Transcribe the listing in full, excluding any pictures.

**The data:**
++++++++++++++++++++

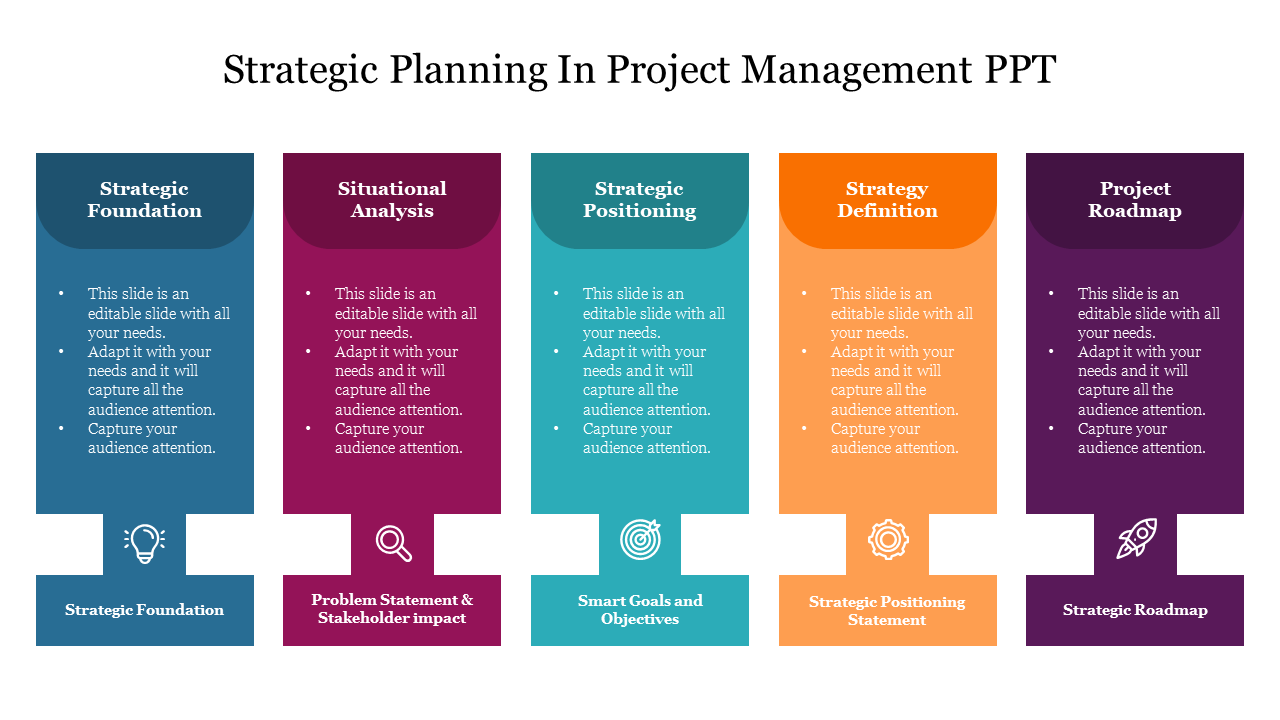 Five pillars of strategic project management slide with colorful placeholder text boxes and icons.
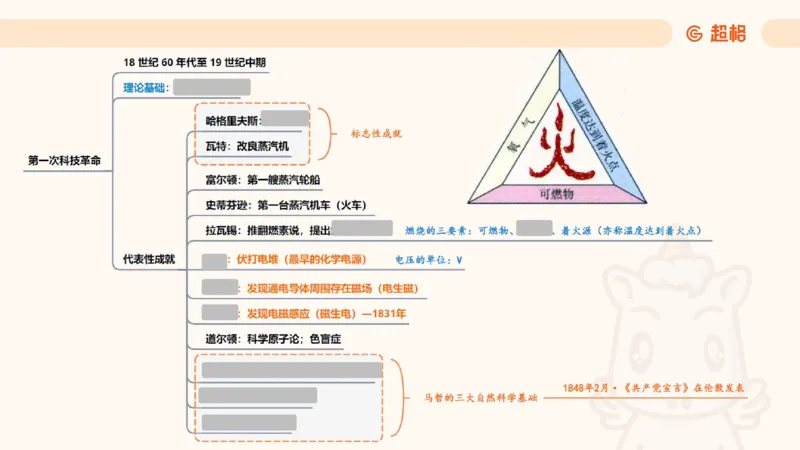 科技课件2（勿打印，随课程更新）11185069_2026考公资料_（05）超格_行测申论2025超格合集(行测&申论&政治理论)_璐璐2025超G公基＋综合写作全程班(事业单位三支一扶通用)_课件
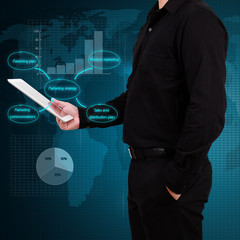 businessman showing marketing strategy concept on virtual screen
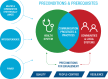 FIGURE 5.3. The Scope of the WHO CEQ Framework.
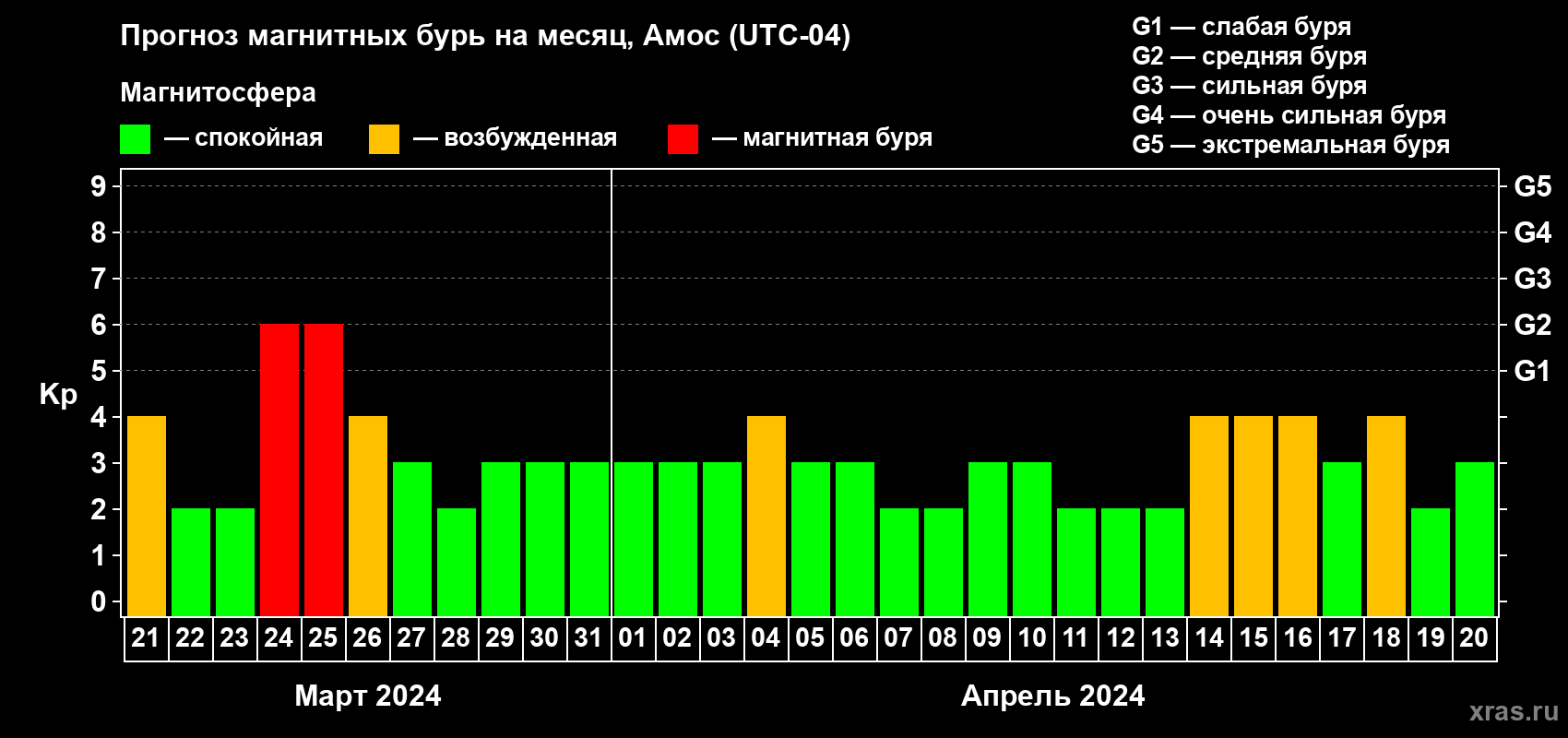 Прогноз максимального суточного геомагнитного индекса Kp на <b>1 месяц</b> (31 день) <b>с 21 марта по 20 апреля 2024 г</b>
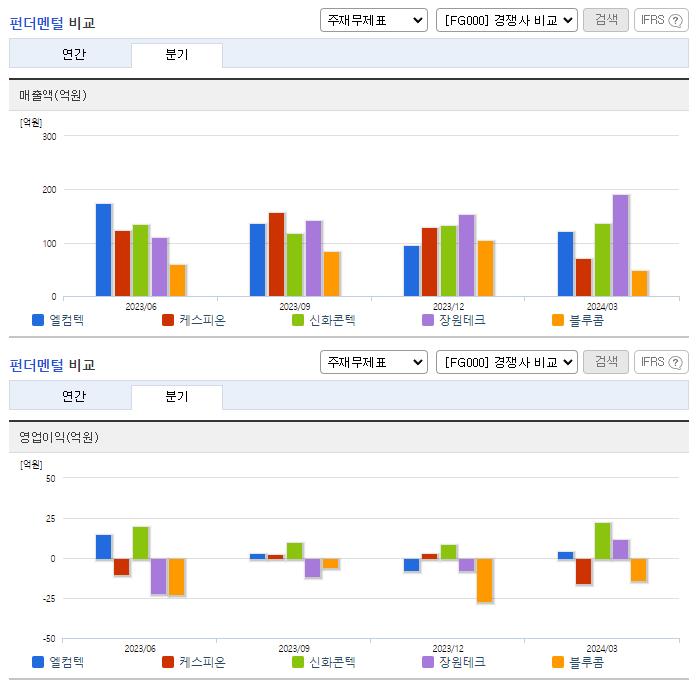 엘컴텍_업종분석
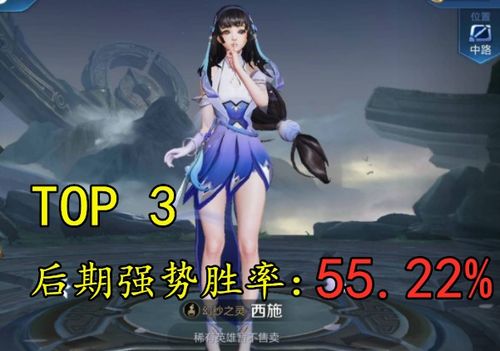 一览无余!《怒战红颜》所有时装Boss名字大全,揭秘每一位风华绝代的红颜对手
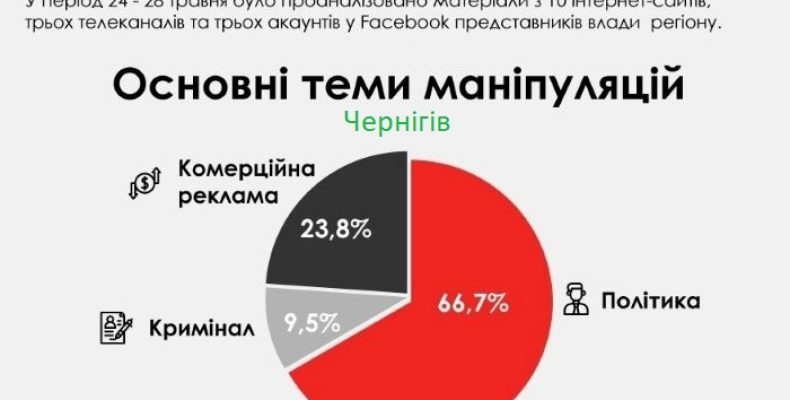 Ось що виявив моніторинг чернігівських ЗМІ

++++++++++++++++++++

**Task response:**
 Five pillars of strategic project management slide with colorful placeholder text boxes and icons.
 科技课件2（勿打印，随课程更新）11185069_2026考公资料_（05）超格_行测申论2025超格合集(行测&申论&政治理论)_璐璐2025超G公基＋综合写作全程班(事业单位三支一扶通用)_课件
 businessman showing marketing strategy concept on virtual screen
 FIGURE 5.3. The Scope of the WHO CEQ Framework.
 Прогноз максимального суточного геомагнитного индекса Kp на <b>1 месяц</b> (31 день) <b>с 21 марта по 20 апреля 2024 г</b>
 엘컴텍_업종분석
 一览无余!《怒战红颜》所有时装Boss名字大全,揭秘每一位风华绝代的红颜对手
 Ось що виявив моніторинг чернігівських ЗМІ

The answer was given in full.